2) Incrementar significativamente a qualidade do serviço prestado nas ligações fluviais de Cacilhas, Montijo e Seixal – aqui julgo que há um erro ortográfico: escreveram “incrementar” em vez de “excrementar”;

3) Melhorar a experiência da viagem fluvial – este objectivo foi alcançado com mestria: como é que se melhora o que não existe? Continuando a não existir, mas pagando mais caro;

4) Elevar os atuais padrões de comodidade, conforto e segurança – objectivo cumprido a 50%: estar horas em pé à espera do cacilheiro não é confortável, mas é muito mais seguro. Impossível naufragar;

5) Reduzir os atuais custos de manutenção – este objectivo foi ultrapassado. Se os barcos não navegam, não se gastam. Logo não necessitam de manutenção.
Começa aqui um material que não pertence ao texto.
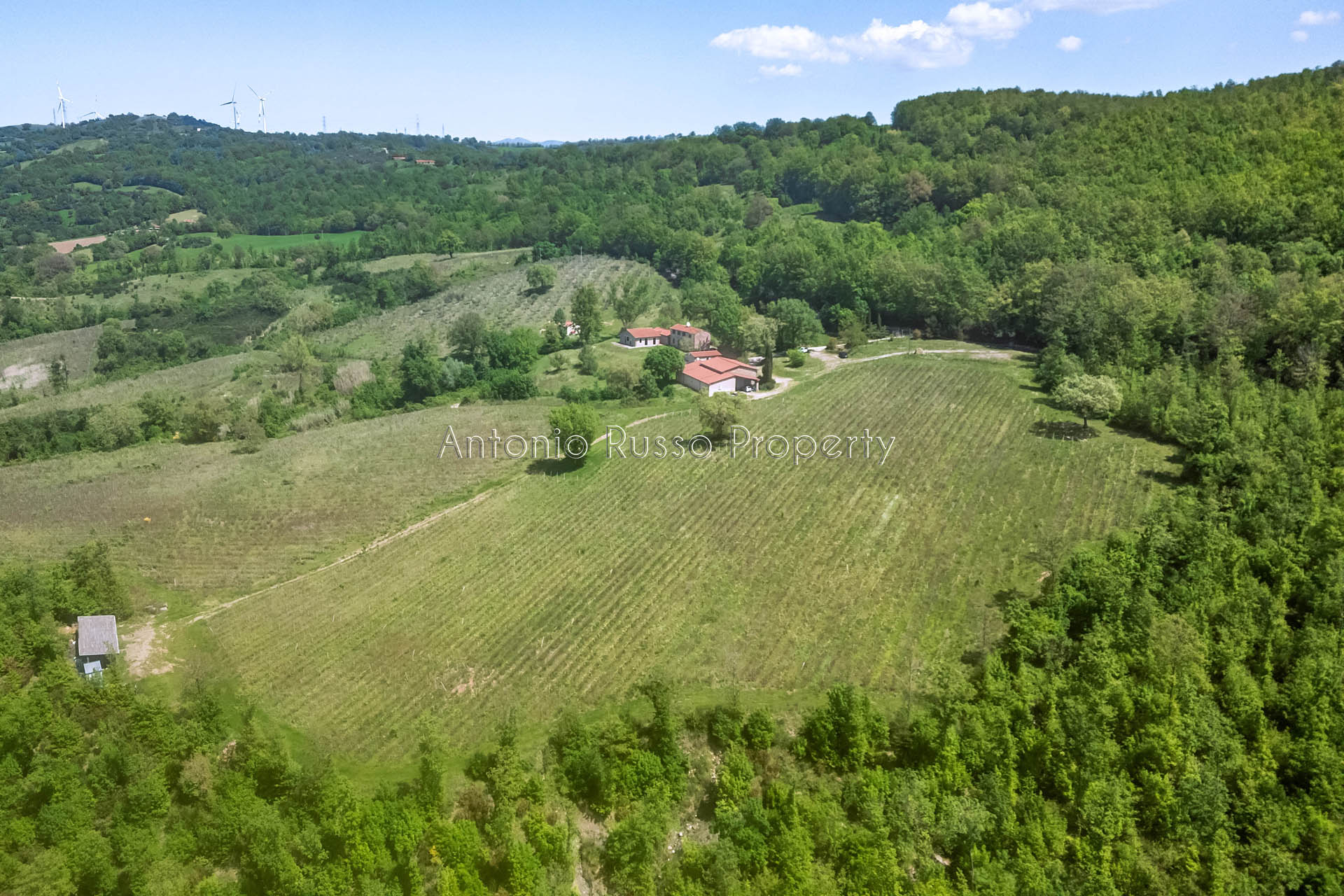 /api/file/public/265173/29310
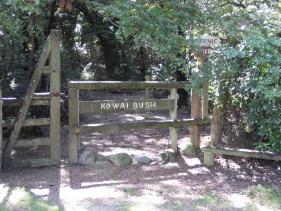 Kowaia Bush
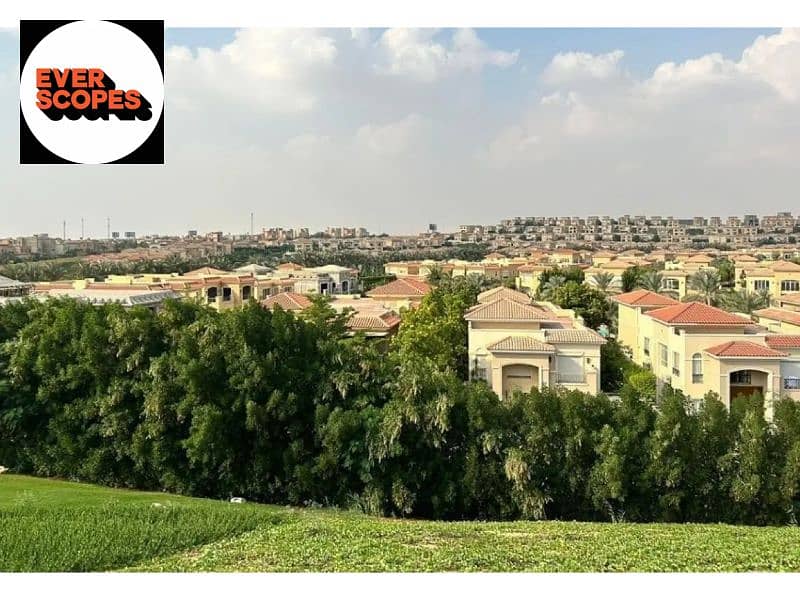 7 8310358-b0bd8o. jpg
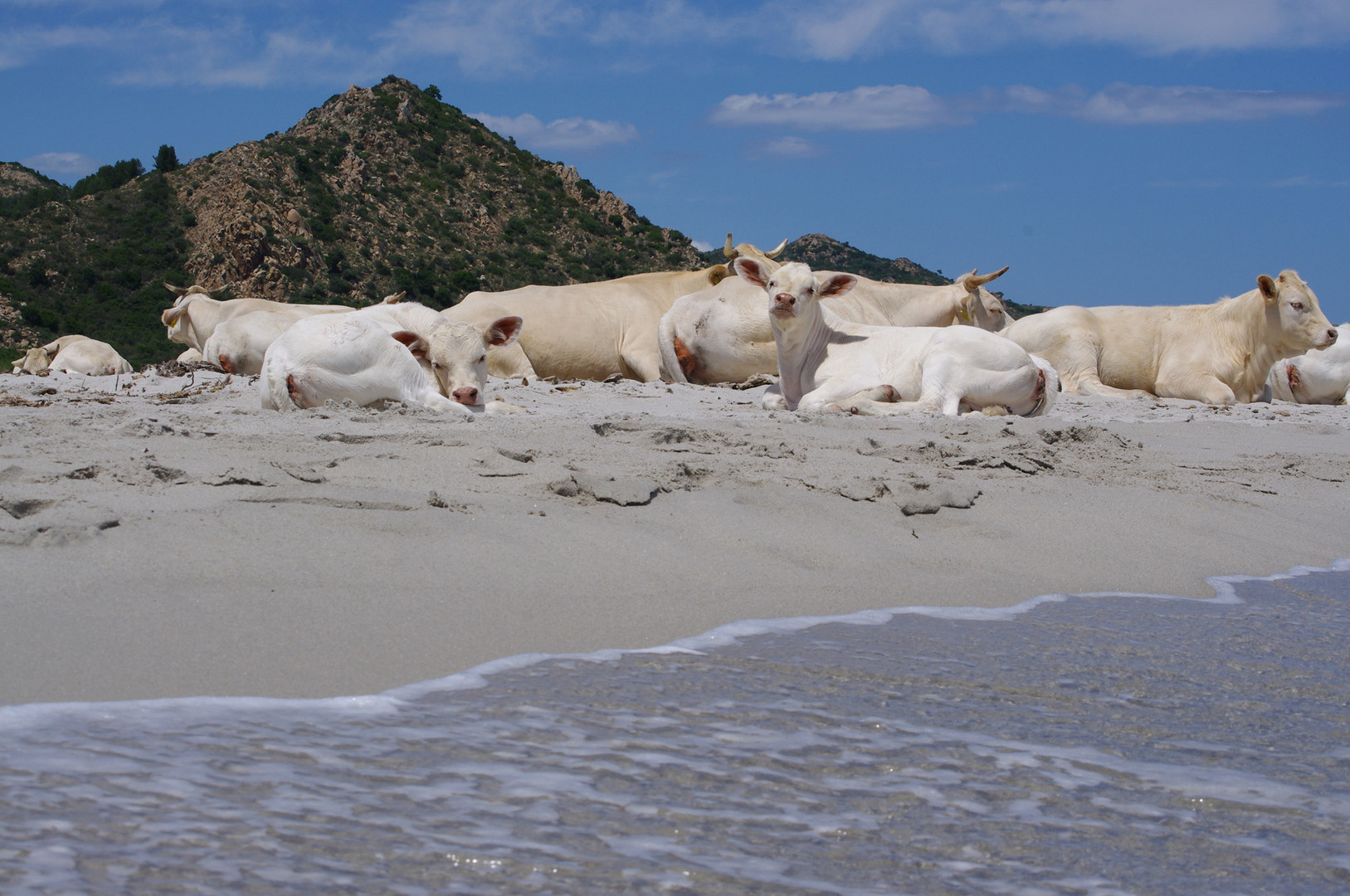 auch Kühe chilln am Strand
Onde a Transtejo marca pontos é na comunicação e imagem. Para mostrar a sustentabilidade da nova frota e a sua ligação à natureza, cada barco foi crismado com nomes de aves autóctones. Temos a cegonha, a garça, o flamingo e o íbis, entre outras. Porém, conspícua pela sua ausência, está a ave que, nestes casos de prodigalidade com dinheiros públicos, assume sempre o maior destaque: o pato. O que não se entende, pois é quase símbolo nacional. Pelos últimos censos, há cerca de 10 milhões no país.

Há uma segunda ave que também merecia honras de baptismo, devido à motivação de todos os que, pela sua vontade de parecer bem, contribuíram para esta medida: o pavão. Ou, em alternativa, por agora estarem à assobiar para o ar como se não fosse nada com eles, o canário.

Este caso tem o potencial de ser o maior escândalo financeiro em Portugal com barcos eléctricos. Ou, quando o primeiro navio naufragar por causa de uma ondinha mais forte, o segundo maior escândalo financeiro em Portugal com submarinos.